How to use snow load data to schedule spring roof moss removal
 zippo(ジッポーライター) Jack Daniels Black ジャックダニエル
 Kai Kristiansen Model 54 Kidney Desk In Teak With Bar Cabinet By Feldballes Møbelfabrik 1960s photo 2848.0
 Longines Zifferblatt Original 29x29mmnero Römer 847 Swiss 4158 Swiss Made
---
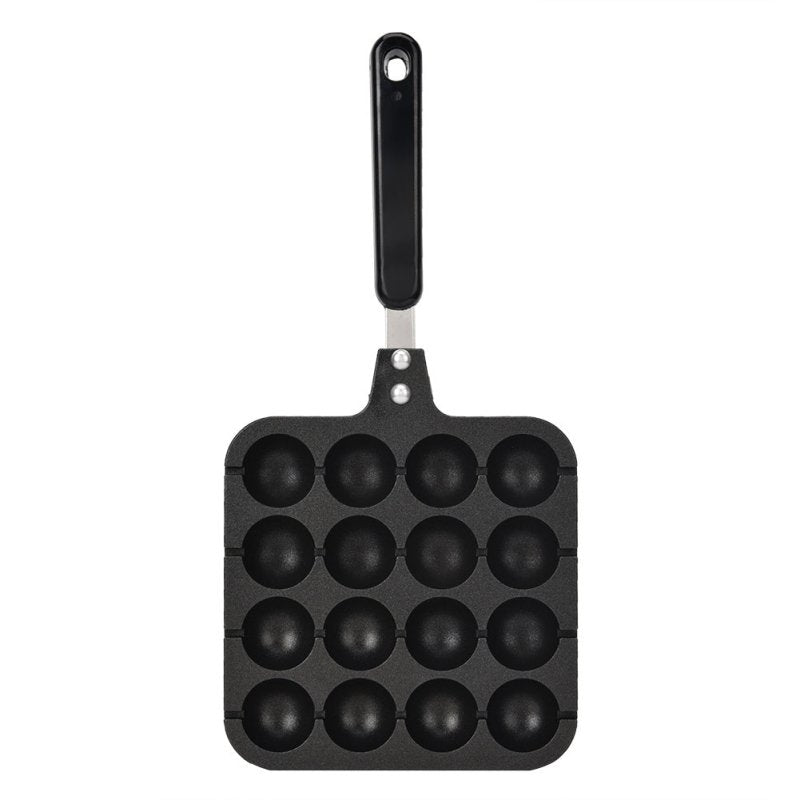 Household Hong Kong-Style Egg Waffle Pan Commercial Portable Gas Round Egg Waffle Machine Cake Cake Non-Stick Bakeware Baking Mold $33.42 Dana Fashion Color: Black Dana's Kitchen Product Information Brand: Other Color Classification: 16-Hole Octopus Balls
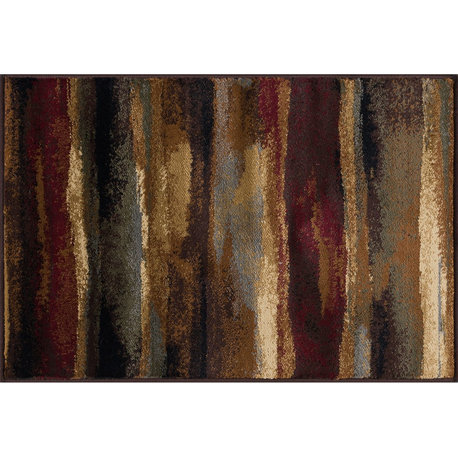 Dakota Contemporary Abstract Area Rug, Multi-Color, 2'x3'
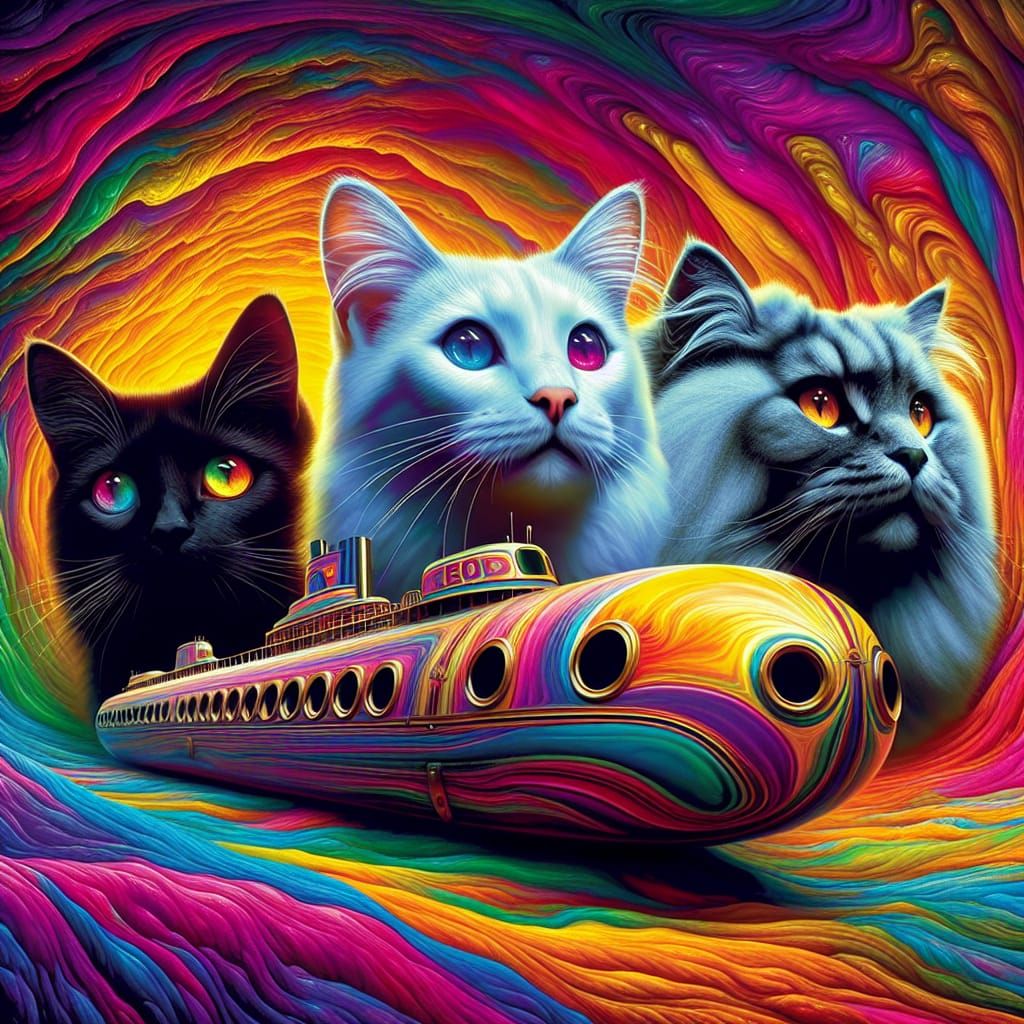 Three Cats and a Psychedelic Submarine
...
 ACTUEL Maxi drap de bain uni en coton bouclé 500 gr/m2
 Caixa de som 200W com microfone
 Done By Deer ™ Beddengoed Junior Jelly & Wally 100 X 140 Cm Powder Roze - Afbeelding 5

- Work instructions: Please give an exact copy of the lines above, beginning with the line containing "How to use snow" and running through the line containing "Longines Zifferblatt Original", and of no other lines.

- Exercise response:
How to use snow load data to schedule spring roof moss removal
 zippo(ジッポーライター) Jack Daniels Black ジャックダニエル
 Kai Kristiansen Model 54 Kidney Desk In Teak With Bar Cabinet By Feldballes Møbelfabrik 1960s photo 2848.0
 Longines Zifferblatt Original 29x29mmnero Römer 847 Swiss 4158 Swiss Made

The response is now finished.